What the task asks:
Using the listing below, please print exactly the lines from the one with "SAMOBOR, CROAZIA-22 maggio" through the one with "Off-Grid Lake Front Cabin w/ Power & Wi-fi". Leave out every picture.

Supplied records Block Start

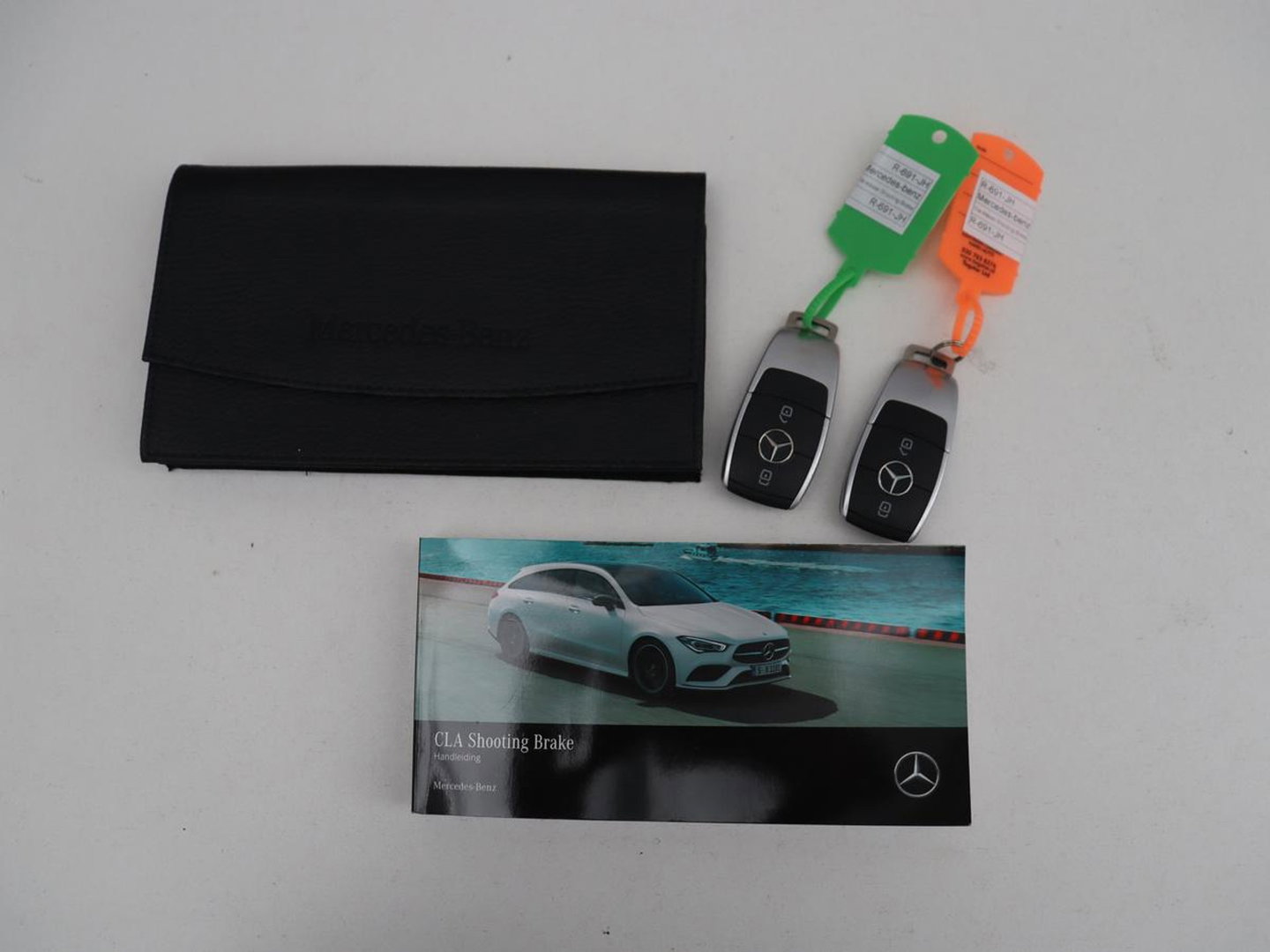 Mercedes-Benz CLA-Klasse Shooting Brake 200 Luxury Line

Supplied records Block End
Supplied records Block Start

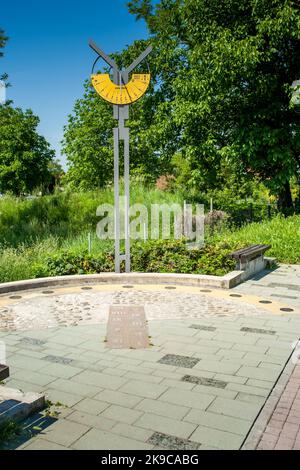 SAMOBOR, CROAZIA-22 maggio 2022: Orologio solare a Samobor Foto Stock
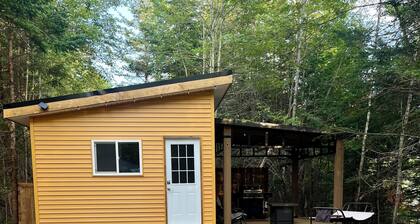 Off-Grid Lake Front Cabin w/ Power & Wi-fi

Supplied records Block End
Supplied records Block Start

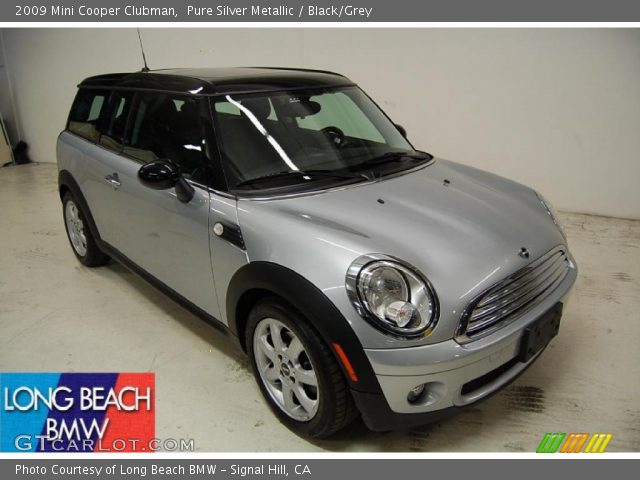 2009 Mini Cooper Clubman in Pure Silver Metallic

Supplied records Block End

The completed task:
 SAMOBOR, CROAZIA-22 maggio 2022: Orologio solare a Samobor Foto Stock
 Off-Grid Lake Front Cabin w/ Power & Wi-fi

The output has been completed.